Tools that require external databases (VEP, slivar, clinvar, CPSR, ExpansionHunter, HLA typing, pypgx) will fail at startup if enabled in --tools without their required parameters. Annotation scores (CADD, SpliceAI, REVEL, AlphaMissense, gnomAD constraint) are optional enrichments — vcfanno and slivar degrade gracefully without them.

Ancestry reference panel

The --ancestry_ref parameter expects a single VCF file (not a directory). Single-sample PCA without a multi-population reference panel produces mathematically limited results — the module will run but report pca_status: skipped_single_sample. For meaningful ancestry estimation, provide a reference panel VCF containing multiple population samples.

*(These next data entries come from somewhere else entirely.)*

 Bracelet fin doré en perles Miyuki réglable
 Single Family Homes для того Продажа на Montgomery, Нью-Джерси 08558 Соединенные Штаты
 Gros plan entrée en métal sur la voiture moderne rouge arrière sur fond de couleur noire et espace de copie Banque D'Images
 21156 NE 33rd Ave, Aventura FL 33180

SV consensus merge (experimental)

The survivor_merge module uses a simplified bcftools-based heuristic (1kb position binning) rather than the full SURVIVOR or Jasmine algorithm. CNVnator calls (depth-based, no PASS/FAIL marking) are treated equally with paired-end callers in the “2+ callers” consensus. For production SV analysis, consider running SURVIVOR or Jasmine externally.

Security model

This pipeline is designed for personal, single-user use on trusted data. Sample names are sanitized (alphanumeric, ., _, - only), and HTML report fields from VCF INFO are escaped to prevent XSS. However, it is not hardened for multi-tenant or untrusted-input scenarios. Do not expose the pipeline or its outputs as a web service without additional security review.

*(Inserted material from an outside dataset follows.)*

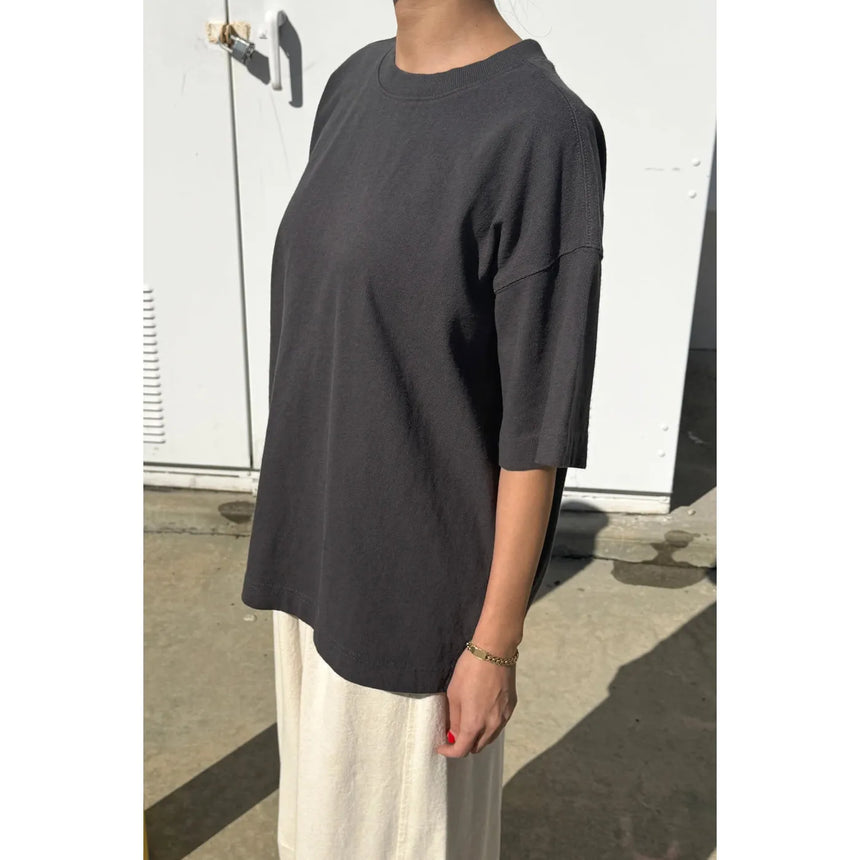 Le Bon Shoppe - Jayden tee - Dark Slate | Scout & Co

Cyrius runtime installation

The Cyrius module (CYP2D6 star allele calling) installs cyrius==1.1.1 via pip at runtime because no pre-built container image exists. This requires network access on first run and means Nextflow’s container-only reproducibility guarantee does not fully apply to this module. The version is pinned to avoid floating dependencies. The matching bash script (scripts/21-cyrius.sh) has the same limitation.

CI validation scope

The CI test suite validates the stub-testable subset of modules using -stub dry runs (tools that do not require external databases). It does not cover database-dependent tools (vep, cpsr, clinvar, expansion_hunter) or run real bioinformatics tools on real data. Before trusting results from a new installation, run the pipeline on a known sample and compare key outputs (PharmCAT star alleles, ClinVar hit counts, PCA eigenvectors) against expected values.


Relationship to nf-core

This pipeline uses nf-core template patterns and tooling for code quality, but is not an official nf-core pipeline (it uses a GPL-3.0 license; nf-core requires MIT).

Individual modules (PharmCAT, pypgx, slivar) will be contributed to nf-core/modules under MIT license for use by the broader community.

Acknowledgement

This pipeline was created using tools and best practices from the nf-core community (Ewels et al., 2020, Nat Biotechnol). nf-core components used here are released under the MIT license.